RE: Fail to Increase Hive Mapper Tasks?

2014-01-02 Thread Sun, Rui
As for the number of 22, I guess that your table have multiple files, probably 
2.
HIVE will divide the desired number of map tasks evenly among the files of the 
table. And the number of map tasks for a file may be increased because the file 
size can't be divided exactly by it.

-Original Message-
From: Ji ZHANG [mailto:zhangj...@gmail.com] 
Sent: Friday, January 03, 2014 12:27 PM
To: user@hive.apache.org
Subject: Re: Fail to Increase Hive Mapper Tasks?

Hi Rui,

I combined your suggestion with the answer from 
SO(http://stackoverflow.com/questions/20816726/fail-to-increase-hive-mapper-tasks),
and it works:

set hive.input.format=org.apache.hadoop.hive.ql.io.HiveInputFormat;
set mapred.map.tasks = 20;
select count(*) from dw_stage.st_dw_marketing_touch_pi_metrics_basic;

It'll use 22 mappers, though I don't know why it's not an exact 20.
And I'm using Hive 0.9 + Hadoop 1.01.

Thank you very much.

Jerry

On Fri, Jan 3, 2014 at 10:51 AM, Sun, Rui  wrote:
> Hi, You can try set mapred.map.tasks = 19.
> It seems that HIVE is using the old Hadoop MapReduce API and so 
> mapred.max.split.size won't work.
>
> -Original Message-
> From: Ji Zhang [mailto:zhangj...@gmail.com]
> Sent: Thursday, January 02, 2014 3:56 PM
> To: user@hive.apache.org
> Subject: Fail to Increase Hive Mapper Tasks?
>
> Hi,
>
> I have a managed Hive table, which contains only one 150MB file.
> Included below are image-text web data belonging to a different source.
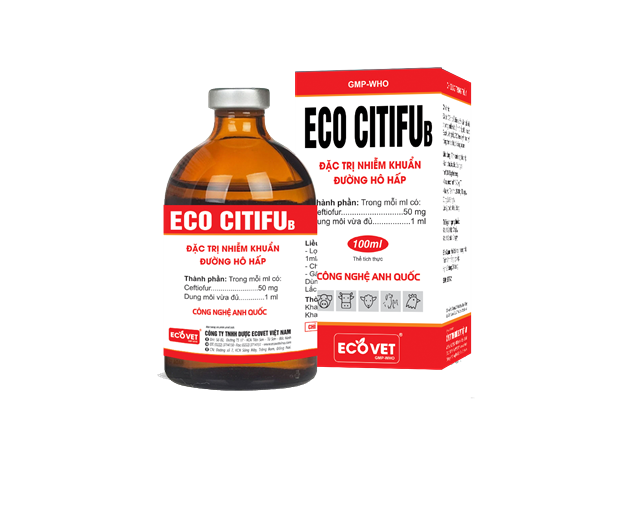 Eco Citifu B - Treatment for respiratory infections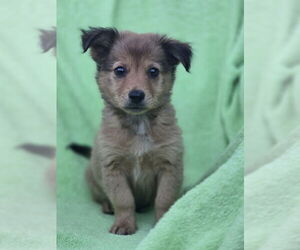 Chihuahua-Unknown Mix Dogs for adoption in House Springs, MO, USA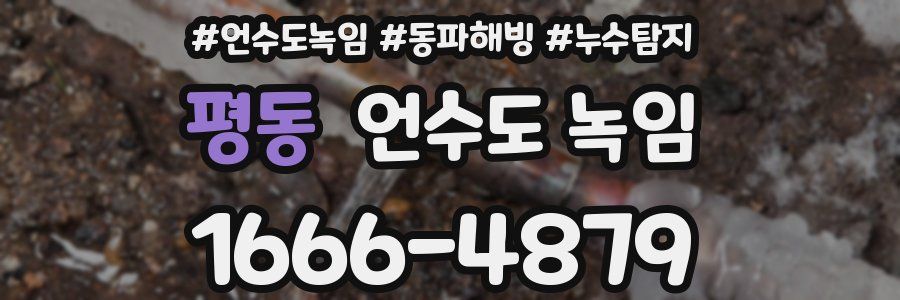 평동 언수도 녹임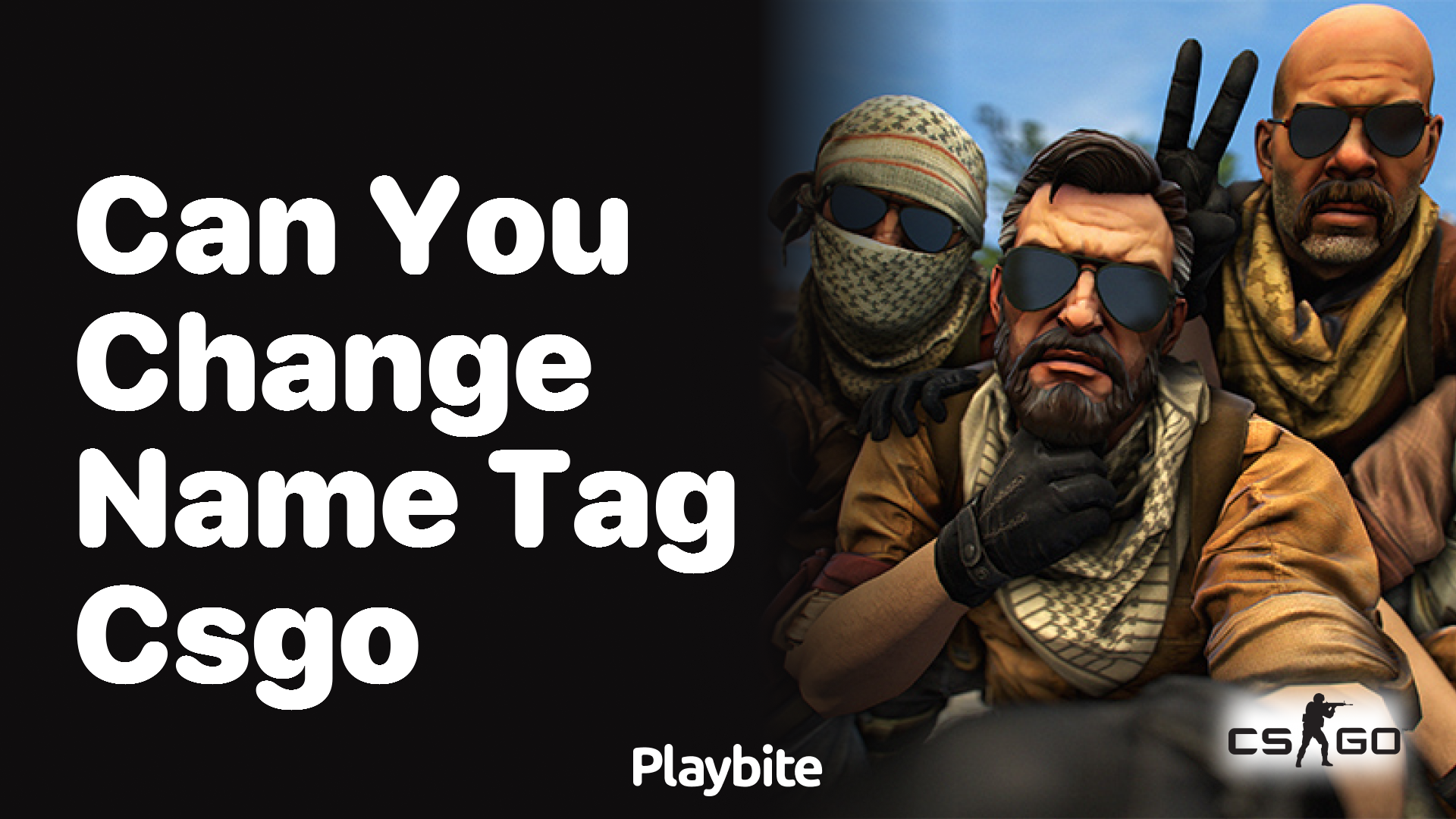 Can you change a name tag in CS:GO?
I then do 
> "select count(*) from tbl" to it, and it uses 2 mappers. I want to set it to 
> a bigger number.
>
> First I tried 'set mapred.max.split.size=8388608;', so hopefully it will use 
> 19 mappers. But it only uses 3. Somehow it still split the input by 64MB. I 
> also used 'set dfs.block.size=8388608;', not working either.
>
> Then I tried a vanilla map-reduce job to do the same thing. It initially uses 
> 3 mappers, and when I set mapred.max.split.size, it uses 19. So the problem 
> lies in Hive, I suppose.
>
> I read some of the Hive source code, like CombineHiveInputFormat, ExecDriver, 
> etc. can't find a clue.
>
> What else settings can I use?
>
> Thanks in advance.
>
> Jerry


Re: Fail to Increase Hive Mapper Tasks?

2014-01-02 Thread Ji ZHANG
Hi Rui,

I combined your suggestion with the answer from
SO(http://stackoverflow.com/questions/20816726/fail-to-increase-hive-mapper-tasks),
and it works:

set hive.input.format=org.apache.hadoop.hive.ql.io.HiveInputFormat;
set mapred.map.tasks = 20;
select count(*) from dw_stage.st_dw_marketing_touch_pi_metrics_basic;

It'll use 22 mappers, though I don't know why it's not an exact 20.
And I'm using Hive 0.9 + Hadoop 1.01.

Thank you very much.

Jerry

On Fri, Jan 3, 2014 at 10:51 AM, Sun, Rui  wrote:
> Hi, You can try set mapred.map.tasks = 19.
> It seems that HIVE is using the old Hadoop MapReduce API and so 
> mapred.max.split.size won't work.
>
> -Original Message-
> From: Ji Zhang [mailto:zhangj...@gmail.com]
> Sent: Thursday, January 02, 2014 3:56 PM
> To: user@hive.apache.org
> Subject: Fail to Increase Hive Mapper Tasks?
>
> Hi,
>
> I have a managed Hive table, which contains only one 150MB file. I then do 
> "select count(*) from tbl" to it, and it uses 2 mappers. I want to set it to 
> a bigger number.
>
> First I tried 'set mapred.max.split.size=8388608;', so hopefully it will use 
> 19 mappers. But it only uses 3. Somehow it still split the input by 64MB. I 
> also used 'set dfs.block.size=8388608;', not working either.
>
> Then I tried a vanilla map-reduce job to do the same thing. It initially uses 
> 3 mappers, and when I set mapred.max.split.size, it uses 19. So the problem 
> lies in Hive, I suppose.
>
> I read some of the Hive source code, like CombineHiveInputFormat, ExecDriver, 
> etc. can't find a clue.
>
> What else settings can I use?
>
> Thanks in advance.
>
> Jerry


RE: Fail to Increase Hive Mapper Tasks?

2014-01-02 Thread Sun, Rui
Hi, You can try set mapred.map.tasks = 19.
It seems that HIVE is using the old Hadoop MapReduce API and so 
mapred.max.split.size won't work.

-Original Message-
From: Ji Zhang [mailto:zhangj...@gmail.com] 
Sent: Thursday, January 02, 2014 3:56 PM
To: user@hive.apache.org
Subject: Fail to Increase Hive Mapper Tasks?

Hi,

I have a managed Hive table, which contains only one 150MB file. I then do 
"select count(*) from tbl" to it, and it uses 2 mappers. I want to set it to a 
bigger number.

First I tried 'set mapred.max.split.size=8388608;', so hopefully it will use 19 
mappers. But it only uses 3. Somehow it still split the input by 64MB. I also 
used 'set dfs.block.size=8388608;', not working either.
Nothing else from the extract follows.